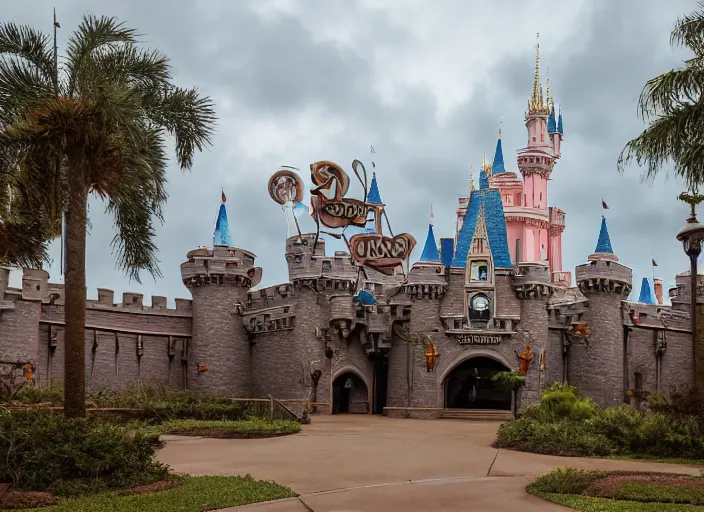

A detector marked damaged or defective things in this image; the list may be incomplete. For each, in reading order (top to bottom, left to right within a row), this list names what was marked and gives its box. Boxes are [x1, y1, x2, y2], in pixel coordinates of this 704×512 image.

rusted decoration [268, 171, 304, 205]
rusted decoration [310, 161, 350, 201]
rusted decoration [348, 232, 416, 272]
rusted decoration [568, 322, 592, 338]
rusted decoration [424, 342, 440, 374]
rusted decoration [516, 344, 532, 376]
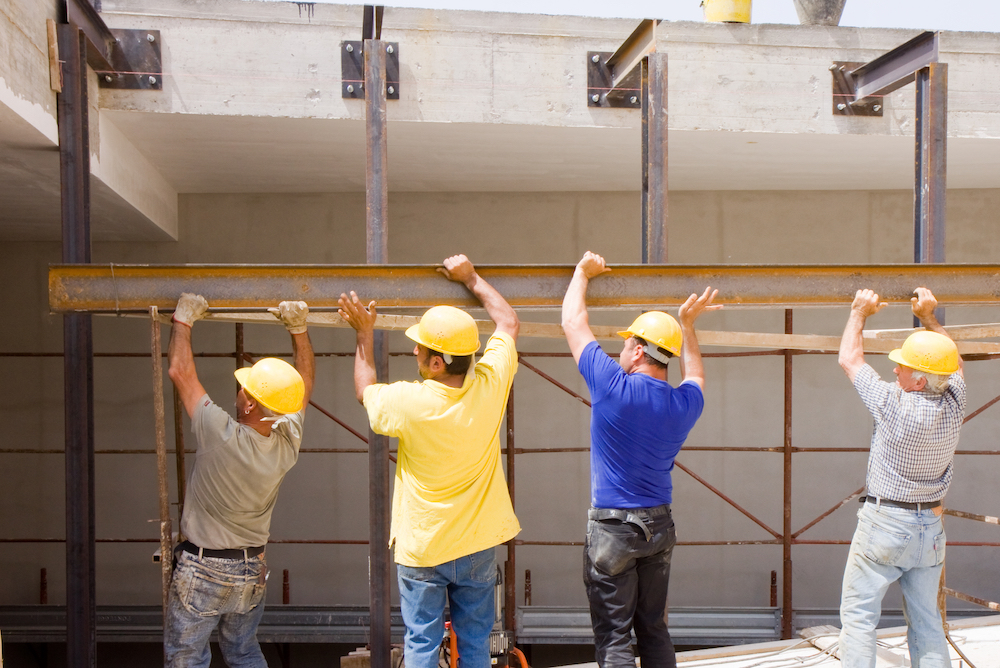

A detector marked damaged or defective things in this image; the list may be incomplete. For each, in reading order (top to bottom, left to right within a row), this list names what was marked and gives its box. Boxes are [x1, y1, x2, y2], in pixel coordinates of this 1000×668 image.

rusty metal rod [50, 262, 1000, 312]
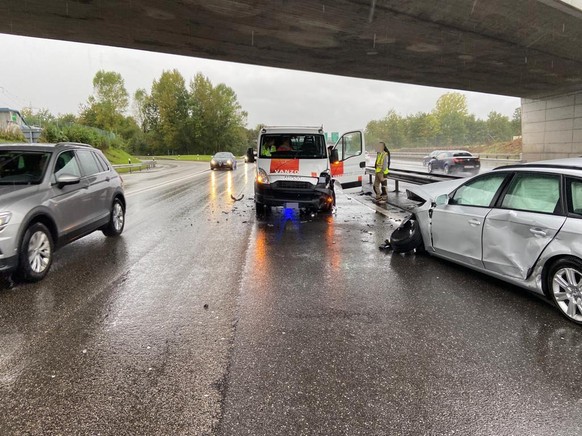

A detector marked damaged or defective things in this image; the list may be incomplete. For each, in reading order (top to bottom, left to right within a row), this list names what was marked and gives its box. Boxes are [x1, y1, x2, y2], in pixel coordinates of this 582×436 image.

detached car part on road [0, 141, 126, 282]
detached car part on road [253, 126, 368, 215]
detached car part on road [390, 158, 582, 326]
damaged silver station wagon [392, 158, 582, 326]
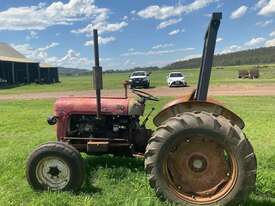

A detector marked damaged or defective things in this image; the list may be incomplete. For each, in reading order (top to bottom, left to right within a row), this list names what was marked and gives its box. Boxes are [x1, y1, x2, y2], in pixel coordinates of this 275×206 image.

rusty tractor hood [55, 96, 131, 116]
rusty wheel rim [163, 135, 238, 204]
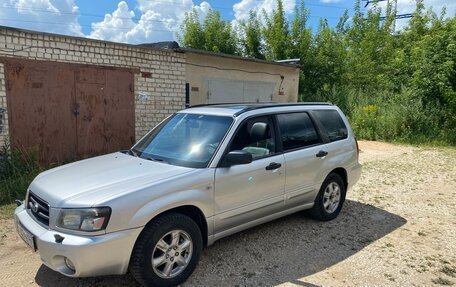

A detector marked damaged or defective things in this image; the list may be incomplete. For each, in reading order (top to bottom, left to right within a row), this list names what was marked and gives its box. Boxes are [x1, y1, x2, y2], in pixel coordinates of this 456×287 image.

rusty metal gate [1, 58, 134, 164]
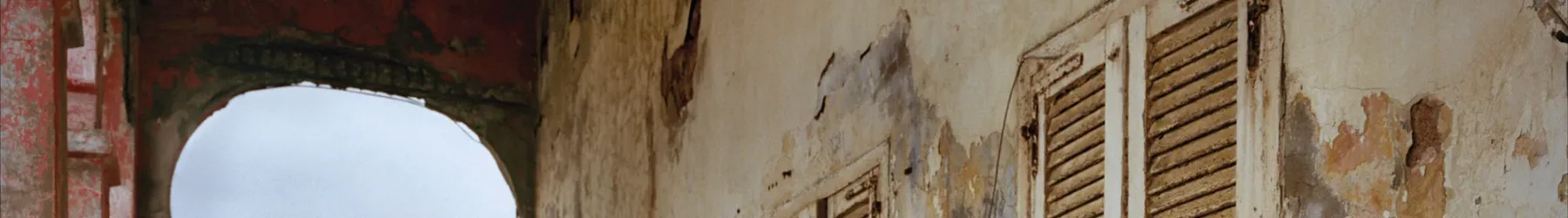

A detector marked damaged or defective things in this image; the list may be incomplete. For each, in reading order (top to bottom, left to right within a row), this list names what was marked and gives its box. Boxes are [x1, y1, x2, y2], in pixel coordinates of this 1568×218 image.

rusty brown stain [1286, 93, 1348, 218]
rusty brown stain [1323, 92, 1411, 174]
rusty brown stain [1404, 97, 1449, 218]
rusty brown stain [1505, 134, 1543, 168]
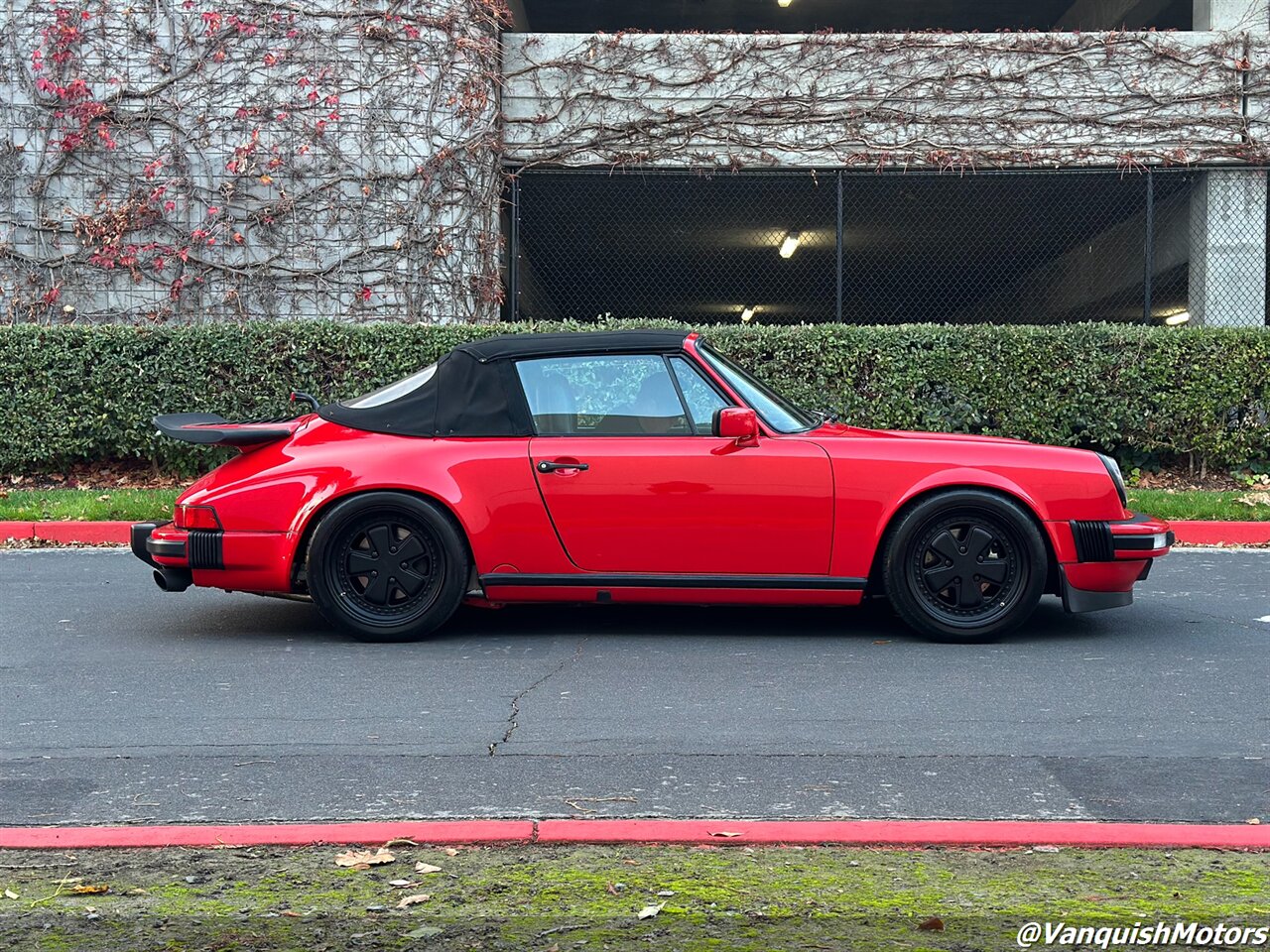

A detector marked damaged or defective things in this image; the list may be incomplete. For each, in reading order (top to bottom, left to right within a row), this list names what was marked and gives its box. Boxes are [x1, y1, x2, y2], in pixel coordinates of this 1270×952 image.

crack in pavement [487, 637, 586, 756]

◆ WORK INSTRUCTION: Take the line containing "this 1270×952 image." and every line after it up to the last line of the listing, and output them exactly, with nothing else.

◆ RESULT OF THE EXERCISE:
A detector marked damaged or defective things in this image; the list may be incomplete. For each, in reading order (top to bottom, left to right within a row), this list names what was marked and gives its box. Boxes are [x1, y1, x2, y2], in pixel coordinates of this 1270×952 image.

crack in pavement [487, 637, 586, 756]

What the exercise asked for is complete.